**EXCERPTED RECORDS:**
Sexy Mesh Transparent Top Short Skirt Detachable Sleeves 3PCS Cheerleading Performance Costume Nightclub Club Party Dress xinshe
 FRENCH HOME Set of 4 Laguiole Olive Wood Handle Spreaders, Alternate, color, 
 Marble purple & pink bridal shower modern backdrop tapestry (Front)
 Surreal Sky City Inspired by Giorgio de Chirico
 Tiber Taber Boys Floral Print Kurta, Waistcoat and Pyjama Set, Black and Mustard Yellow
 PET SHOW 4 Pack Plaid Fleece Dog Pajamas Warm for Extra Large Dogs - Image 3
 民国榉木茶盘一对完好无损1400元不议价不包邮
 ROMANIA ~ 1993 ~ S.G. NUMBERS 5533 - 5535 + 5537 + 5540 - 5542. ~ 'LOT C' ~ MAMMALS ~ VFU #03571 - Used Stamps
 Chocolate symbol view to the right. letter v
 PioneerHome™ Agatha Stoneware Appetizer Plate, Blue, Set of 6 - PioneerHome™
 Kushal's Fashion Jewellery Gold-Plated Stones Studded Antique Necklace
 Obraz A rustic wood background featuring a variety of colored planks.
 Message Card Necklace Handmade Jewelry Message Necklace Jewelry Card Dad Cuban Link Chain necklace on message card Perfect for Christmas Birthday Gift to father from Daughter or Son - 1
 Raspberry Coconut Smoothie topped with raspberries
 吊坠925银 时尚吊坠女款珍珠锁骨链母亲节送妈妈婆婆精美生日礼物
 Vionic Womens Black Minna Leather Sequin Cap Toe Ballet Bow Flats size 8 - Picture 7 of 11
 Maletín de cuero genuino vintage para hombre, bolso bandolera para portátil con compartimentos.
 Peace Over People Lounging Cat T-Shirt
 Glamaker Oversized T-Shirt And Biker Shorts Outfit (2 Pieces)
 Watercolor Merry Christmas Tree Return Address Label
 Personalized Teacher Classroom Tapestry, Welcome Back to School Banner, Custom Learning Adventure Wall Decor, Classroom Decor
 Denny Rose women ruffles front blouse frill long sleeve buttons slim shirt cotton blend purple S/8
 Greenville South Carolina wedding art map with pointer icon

**TASK PROMPT:** The required output is an exact retyping of the lines from the one that contains "Chocolate symbol view to the right. letter v" through the last line of the material above.

**SOLUTION TO THIS TASK:**
 Chocolate symbol view to the right. letter v
 PioneerHome™ Agatha Stoneware Appetizer Plate, Blue, Set of 6 - PioneerHome™
 Kushal's Fashion Jewellery Gold-Plated Stones Studded Antique Necklace
 Obraz A rustic wood background featuring a variety of colored planks.
 Message Card Necklace Handmade Jewelry Message Necklace Jewelry Card Dad Cuban Link Chain necklace on message card Perfect for Christmas Birthday Gift to father from Daughter or Son - 1
 Raspberry Coconut Smoothie topped with raspberries
 吊坠925银 时尚吊坠女款珍珠锁骨链母亲节送妈妈婆婆精美生日礼物
 Vionic Womens Black Minna Leather Sequin Cap Toe Ballet Bow Flats size 8 - Picture 7 of 11
 Maletín de cuero genuino vintage para hombre, bolso bandolera para portátil con compartimentos.
 Peace Over People Lounging Cat T-Shirt
 Glamaker Oversized T-Shirt And Biker Shorts Outfit (2 Pieces)
 Watercolor Merry Christmas Tree Return Address Label
 Personalized Teacher Classroom Tapestry, Welcome Back to School Banner, Custom Learning Adventure Wall Decor, Classroom Decor
 Denny Rose women ruffles front blouse frill long sleeve buttons slim shirt cotton blend purple S/8
 Greenville South Carolina wedding art map with pointer icon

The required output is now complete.